_Brief_:
Each line from the one that holds "image-komik-sponsor-me-please-bahasa-indonesia-chapter-31-3/21" to the end of the records is to be retyped exactly. Pictures are not part of the copy.

Short text fragments from websites
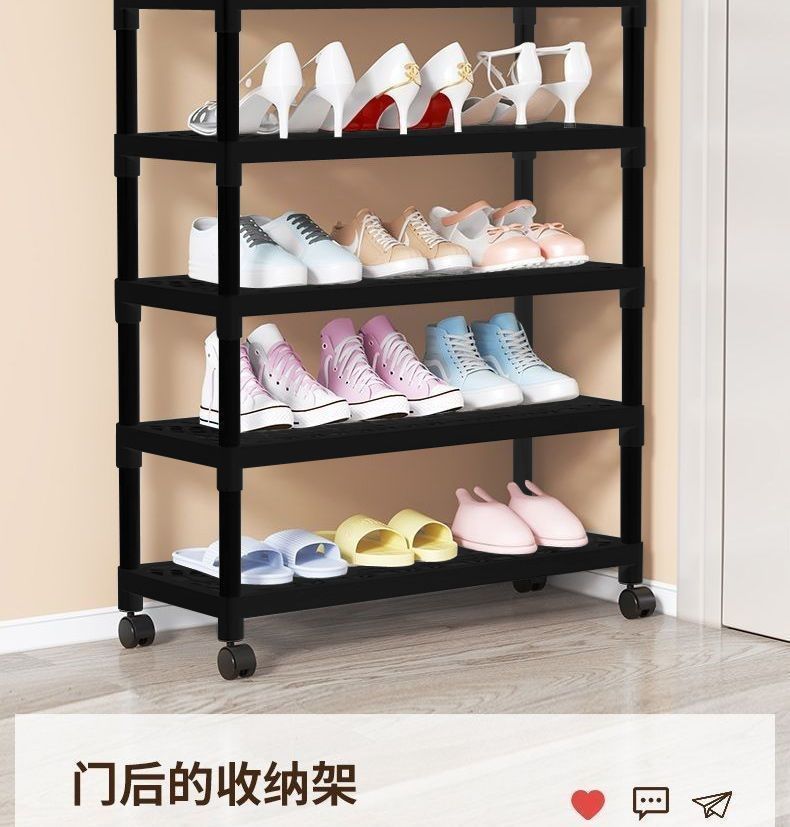 6740bcdc-099f-425d-98c0-5224f674817a.jpe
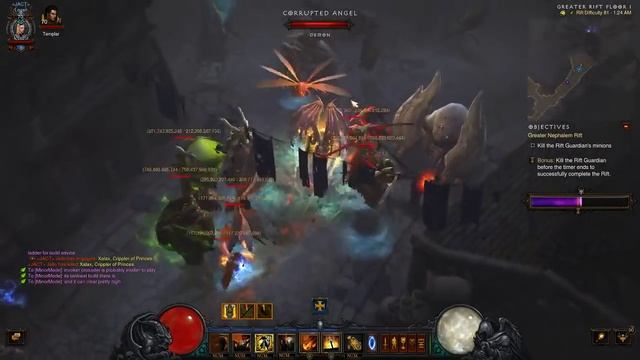 GR 81 World First Crusader Season 5 смотреть онлайн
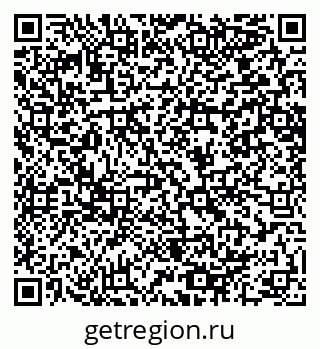 79064658542
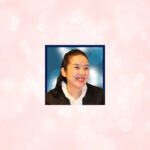 千里眼の和央(わお)先生の占いは当たる？当たらない？参考になる口コミをご紹介！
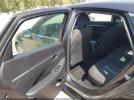Hyundai SONATA Sel Image 4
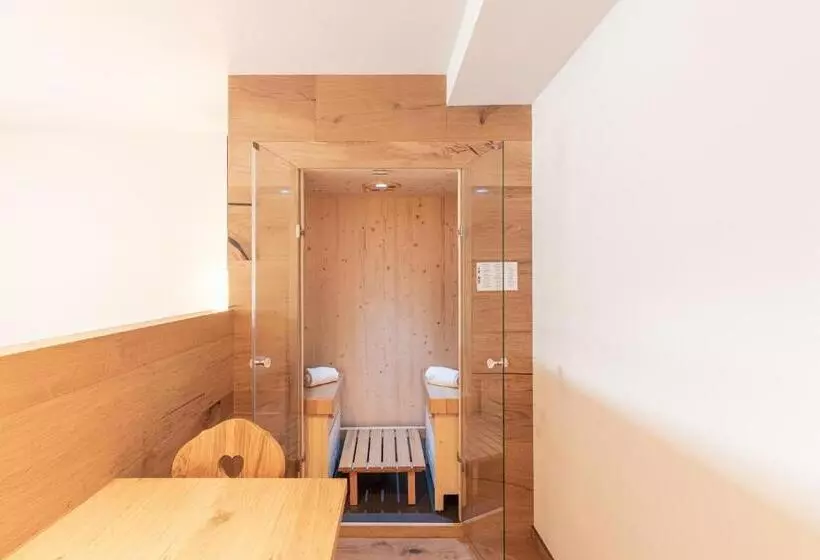 Отель Bellavista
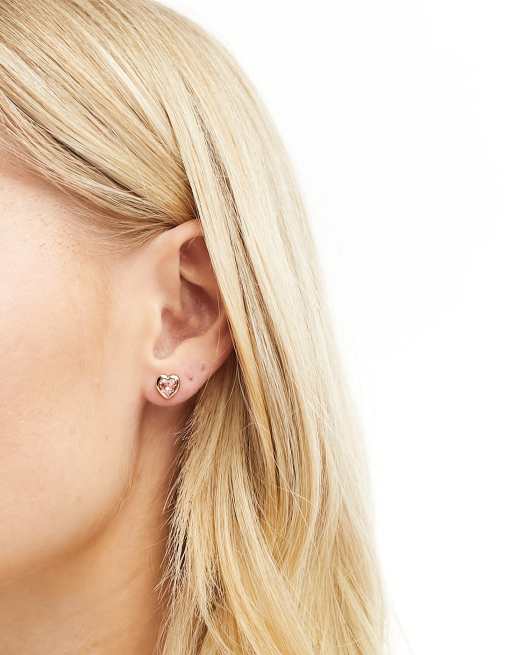 Ted baker deals earrings sale asos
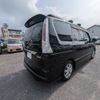 nissan serena 2011 -NISSAN 【名変中 】--Serena FC26--012409---NISSAN 【名変中 】--Serena FC26--012409- image 27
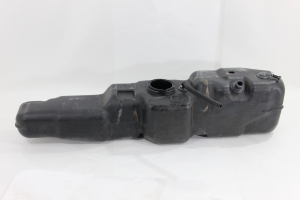 Tanque Combustível Ranger 98/04 Usado (742)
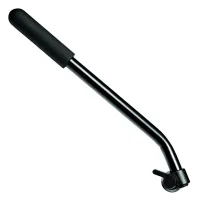 505LV дополнительная рукоятка Manfrotto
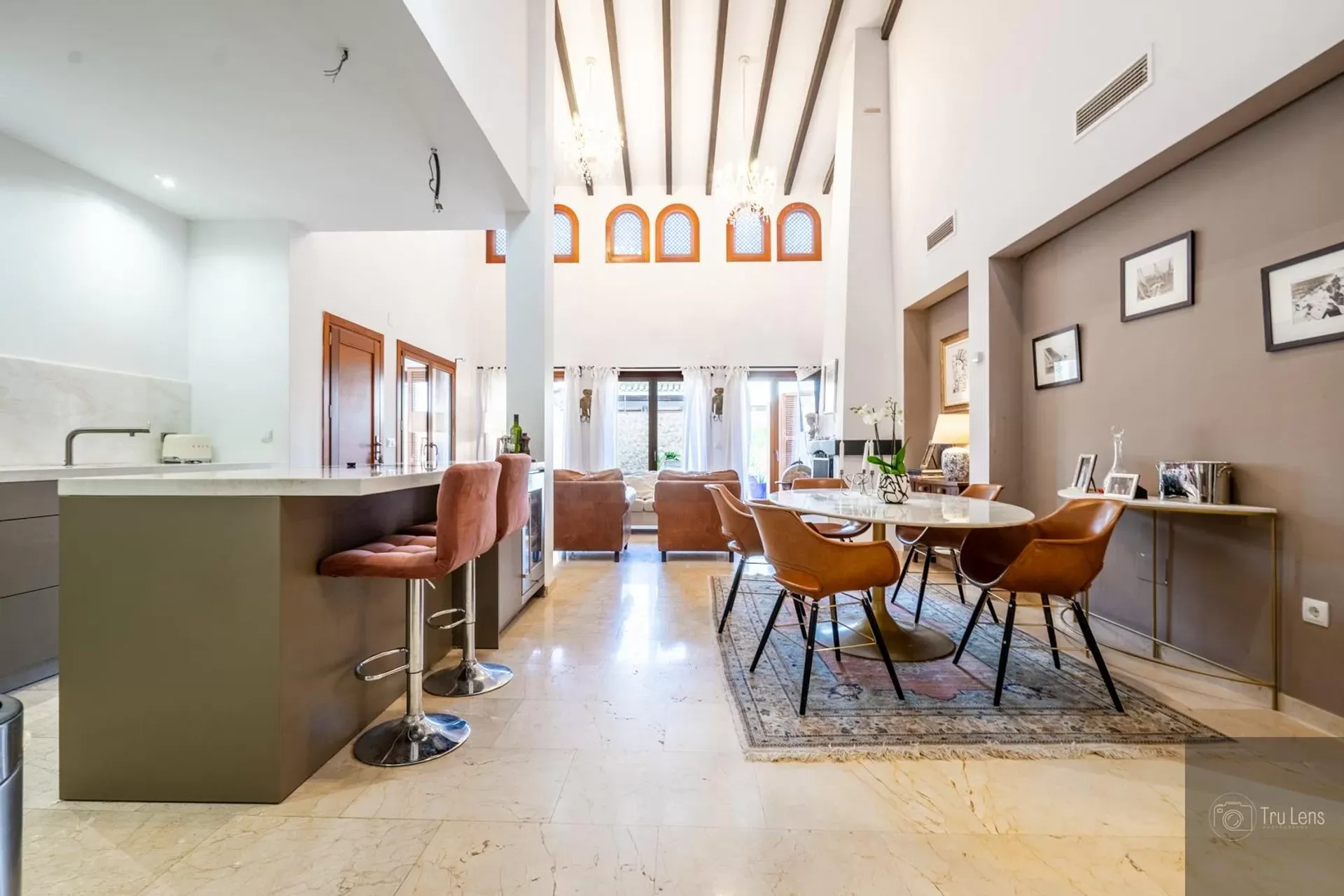 casa en Torre-Pacheco, Región de Murcia 12859407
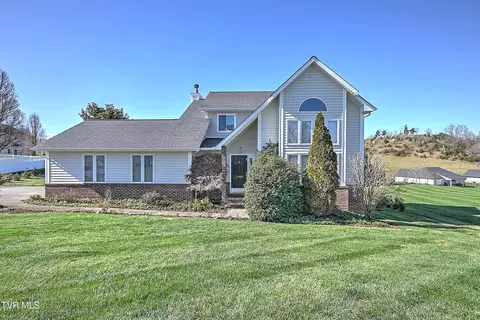 256 Wiltshire Drive Gray Tn 37615, Gray, TN 37615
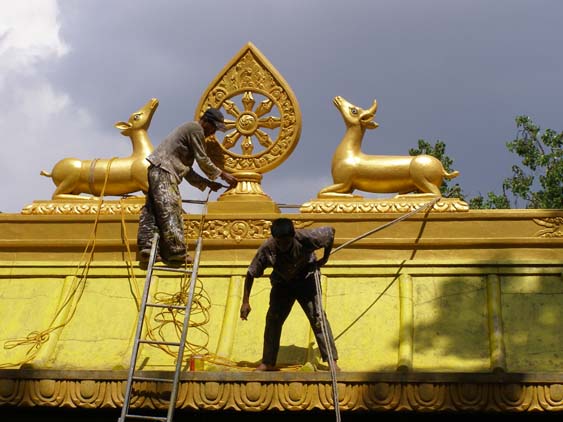 Nepal_Tibet_07_P5171338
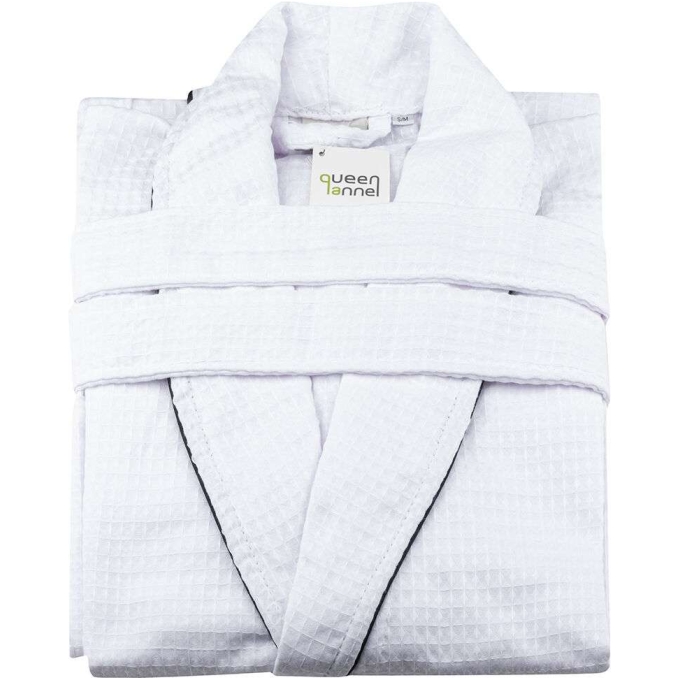 DJ-410906-00-85 - Image 6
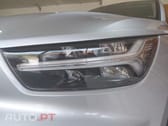 Volvo XC40 1.5 T3 Momentum Tech Edition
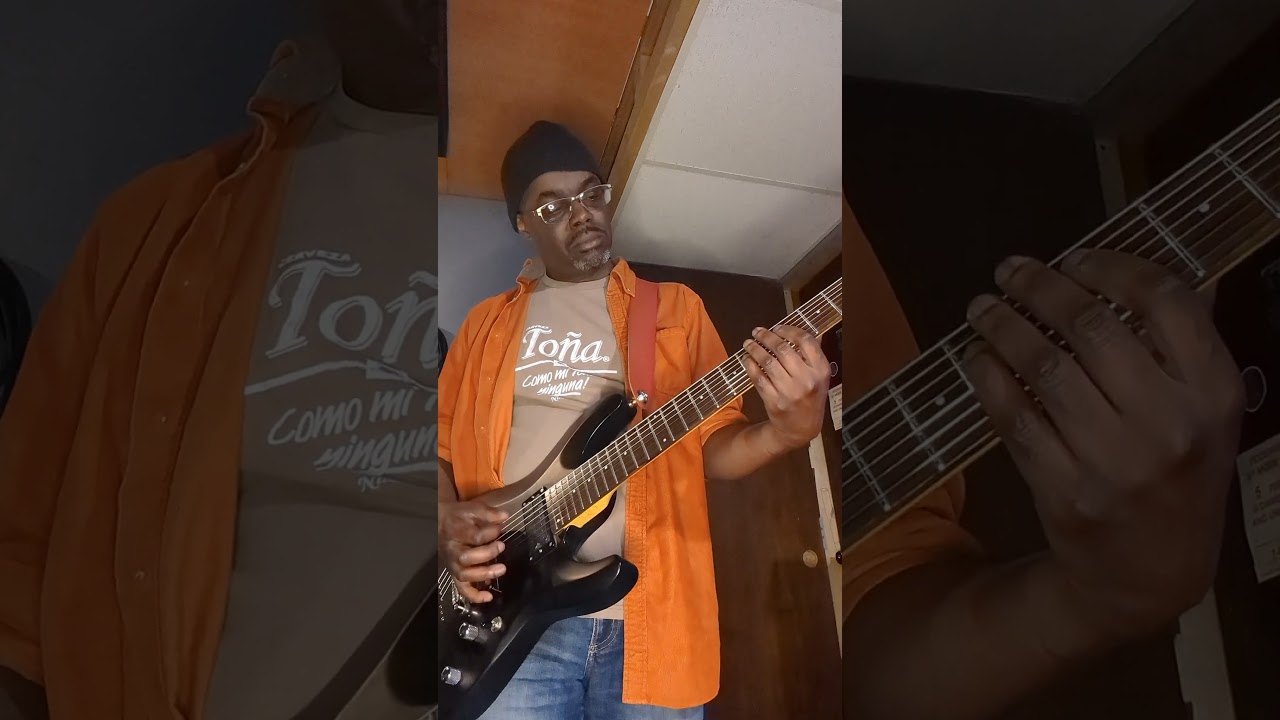 brainstem -becoming unglued Matt's killing it. my timing is much closer.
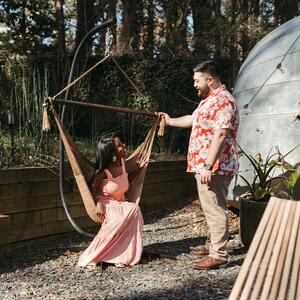 Gallery Photo 39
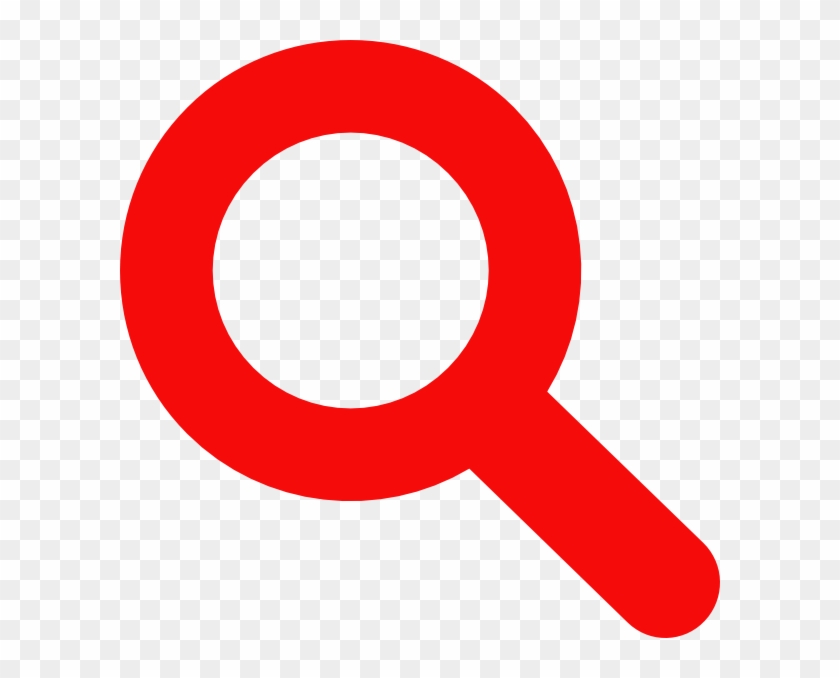 Detail Searching Icon Png Nomer 38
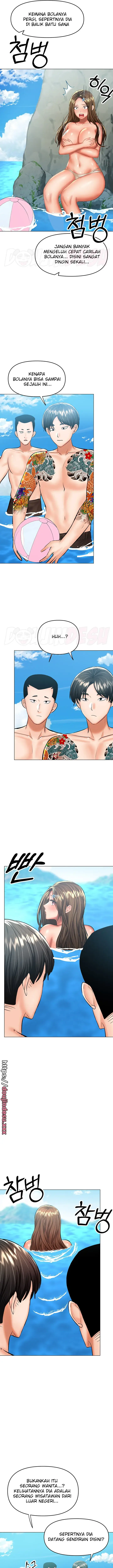 image-komik-sponsor-me-please-bahasa-indonesia-chapter-31-3/21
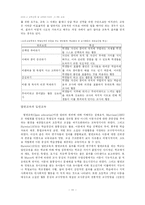 [교수-학습 과정] 교수자의 역할과 학습자의 학습태도와 환경-11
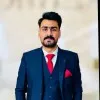 Muhammad Aoun Jabbar Hashmi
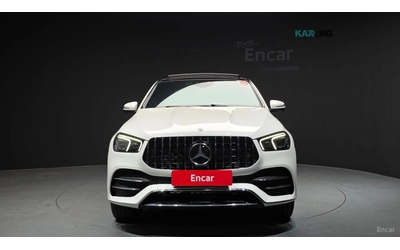 mercedes-benz-gle-400 - 2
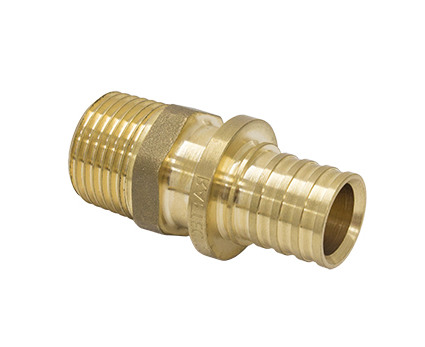 Муфта натяжна Raftec НН 20x1/2' PSN2001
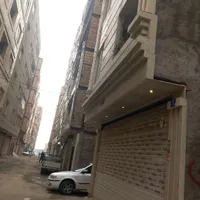 فروش زمین ۱۲۶ متری در شهرک ابوذر|فروش زمین و ملک کلنگی|تهران, شهرک ابوذر|دیوار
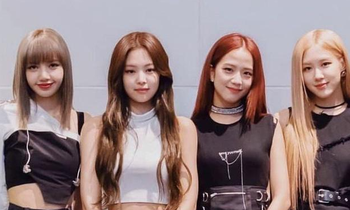 Bạn đã nghe "How You Like That" (BLACKPINK) bản cover phong cách Trung Cổ chưa?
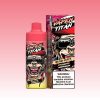 Vapen Titan 10k Puffs - E cigg butik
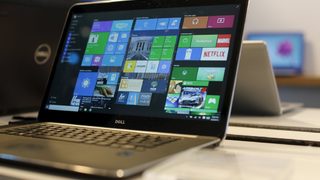 <span class="highlight">Microsoft</span> ще улесни преработката на приложения от Android и iOS за Windows 10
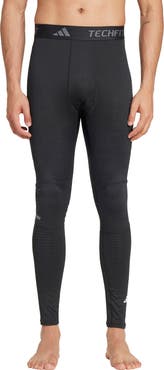 adidas Techfit COLD.RDY Training Leggings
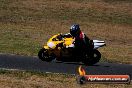 Champions Ride Day Broadford 18 02 2012 - S8H_5518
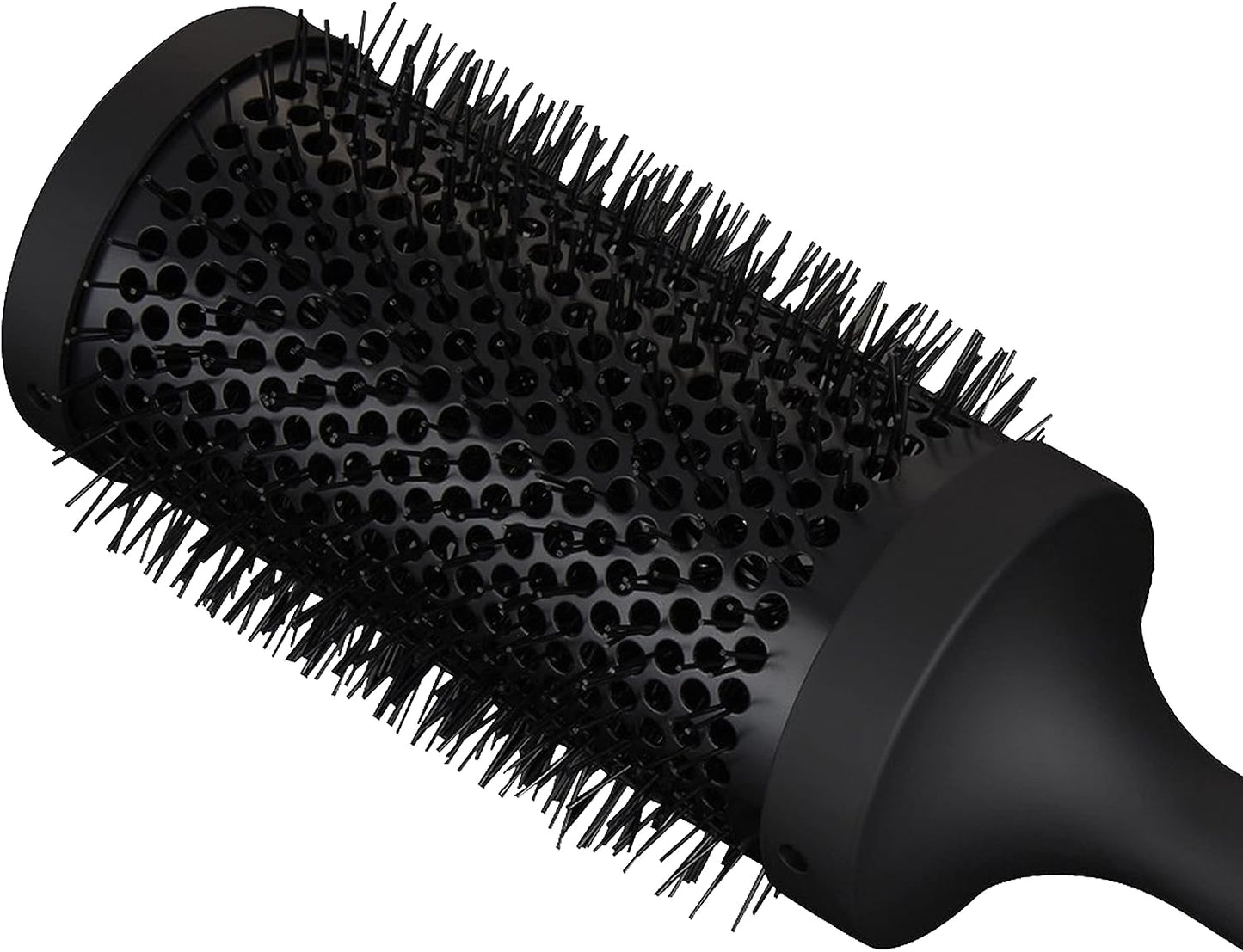 BLOW DRY/CERAMIC HAIR BRUSH SET OF 4
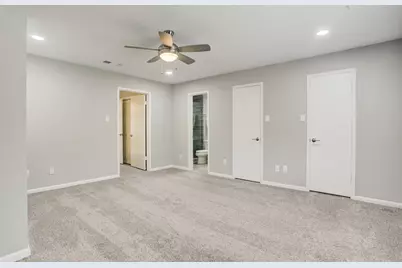 6403 Burgoyne Road #7, Houston, TX 77057 - Photo 25
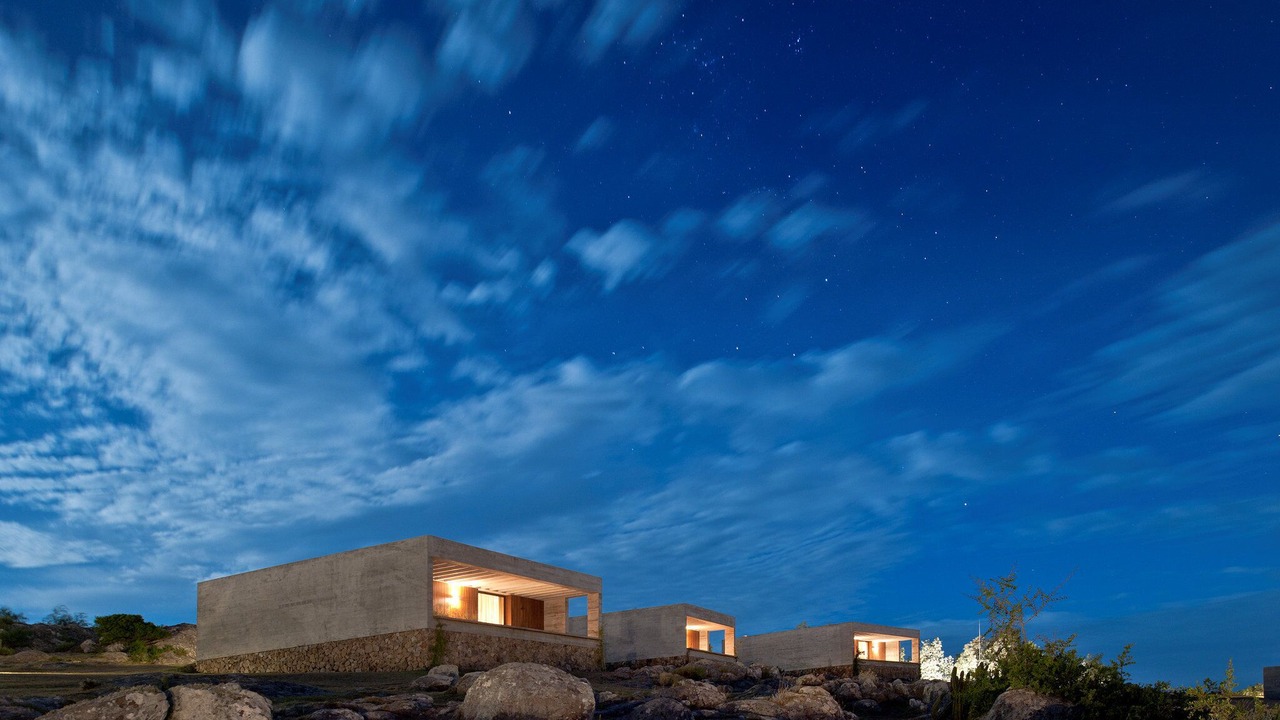 Photo of Outdoor in La Barra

_Expected answer_:
 image-komik-sponsor-me-please-bahasa-indonesia-chapter-31-3/21
 [교수-학습 과정] 교수자의 역할과 학습자의 학습태도와 환경-11
 Muhammad Aoun Jabbar Hashmi
 mercedes-benz-gle-400 - 2
 Муфта натяжна Raftec НН 20x1/2' PSN2001
 فروش زمین ۱۲۶ متری در شهرک ابوذر|فروش زمین و ملک کلنگی|تهران, شهرک ابوذر|دیوار
 Bạn đã nghe "How You Like That" (BLACKPINK) bản cover phong cách Trung Cổ chưa?
 Vapen Titan 10k Puffs - E cigg butik
 <span class="highlight">Microsoft</span> ще улесни преработката на приложения от Android и iOS за Windows 10
 adidas Techfit COLD.RDY Training Leggings
 Champions Ride Day Broadford 18 02 2012 - S8H_5518
 BLOW DRY/CERAMIC HAIR BRUSH SET OF 4
 6403 Burgoyne Road #7, Houston, TX 77057 - Photo 25
 Photo of Outdoor in La Barra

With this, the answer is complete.